Se vuole veramente il bene di queste persone li inviti a fare percorsi come quelli di Courage, che proprio a Torino ha già salvato tante persone, o Luca Di Tolve, non dica loro di rimanere dove stanno perché per far quello non serve il sangue versato da Cristo per loro.

Lei dice che non si è posto il problema delle camere, se singole o doppie, da dare ai partecipanti al suo corso, ma che essendo un convento probabilmente darete solo celle singole. Be’, la informo, se non lo sa, che invece tra due sposi veri l’unione sessuale è uno dei momenti più santi, voluto da Dio, talmente bello che a quell’unione è affidata la generazione di nuove creature, nuovi possibili figli di Dio. Agli sposi veri non solo si potrebbe, anzi si dovrebbe dare una stanza doppia. Lei, manco le basi, proprio.

Mi chiedo se il suo Vescovo, monsignor Cesare Nosiglia, lo sa. Lo sa che lei invita queste coppie ad avere rapporti sessuali stabili e continuativi e necessariamente sempre chiusi alla vita, contrari a tutto quello che Dio ha pensato nel suo disegno di amore per l’uomo? E se lo sa, perché non prende provvedimenti, il Vescovo? Lei sta invitando queste persone a vivere sempre più stabilmente nel loro peccato. Non so se i suoi studi di teologia l’hanno portata a vette troppo alte, tanto da farle dimenticare la prima lezione di catechismo. Il peccato originale è credere di sapere noi da soli cosa sia il bene e cosa sia il male. Per questo siamo nella Chiesa, per essere certi che quello in cui crediamo non sia un parto della nostra fantasia.

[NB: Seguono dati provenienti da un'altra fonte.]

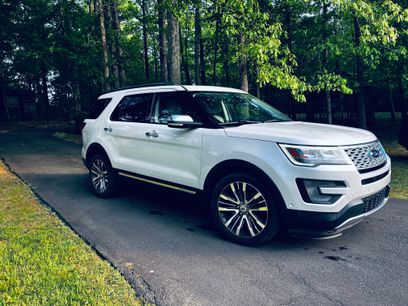 Used 2017 Ford Explorer Platinum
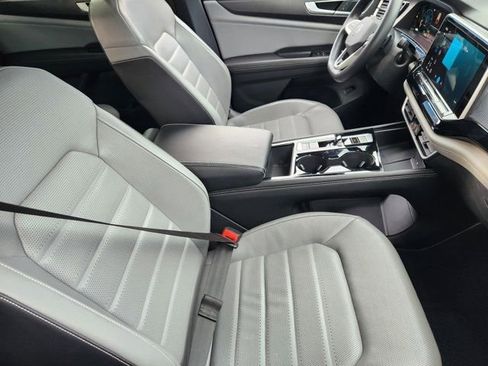 Used 2024 Volkswagen Atlas Cross Sport SEL R-Line image 19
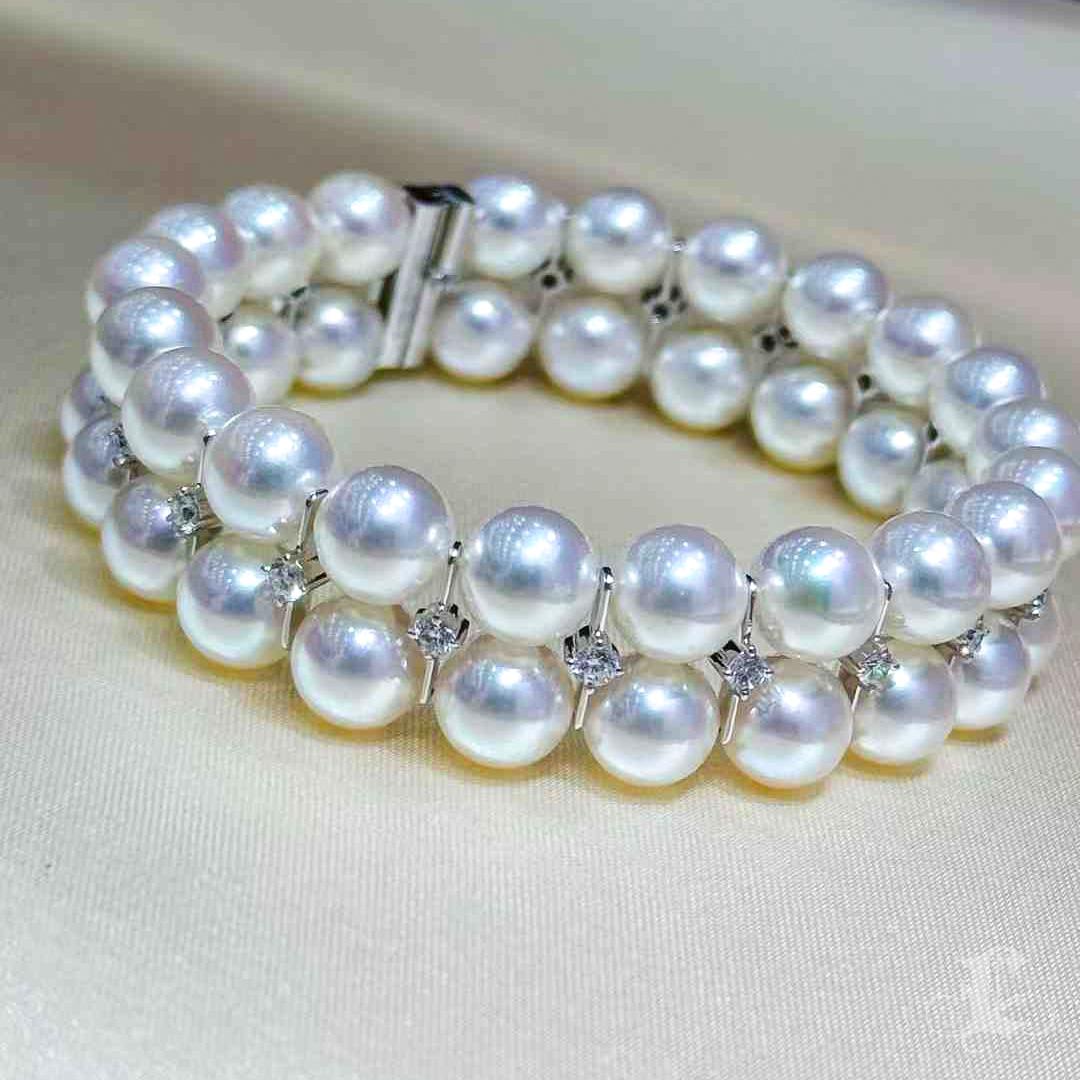 【Geometria scolpita】Bracciale con perle Akoya e diamanti a tre file Celeste In condizioni Nuovo in vendita a New York, NY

Lei dovrebbe prima capire e poi insegnare che il peccato è il nostro male, ci fa soffrire, ci fa sbagliare mira, ci fa rimanere nel nostro vomito, come diceva santa Caterina. E lei ha la responsabilità della felicità e della salvezza eterna di quelle anime. Lei ha studiato e persino insegna teologia, lei non può non sapere. O forse la pensa come il gesuita James Martin, che dice che il Catechismo istiga al suicidio. Non avete capito manco che la legge di Dio è per la felicità dell’uomo? Ma quanto può essere frustrante essere sacerdote, vivere la castità, pensando questo?

Lei dice di essere eterosessuale. Non so, ma anche questa parola è sbagliata. Nessuno può dire di sé né di essere omo né eterosessuale. Siamo persone e basta. E il disegno di Dio è che i suoi figli siano maschio e femmina. Basta. Se per delle ferite o per le misteriose vicende della vita qualcuno si allontana da questo piano, compiendo per questo atti intrinsecamente disordinati (CCC), un vero pastore non invita dei figli di Dio a rimanere nelle loro ferite, ma li aiuta a guarire.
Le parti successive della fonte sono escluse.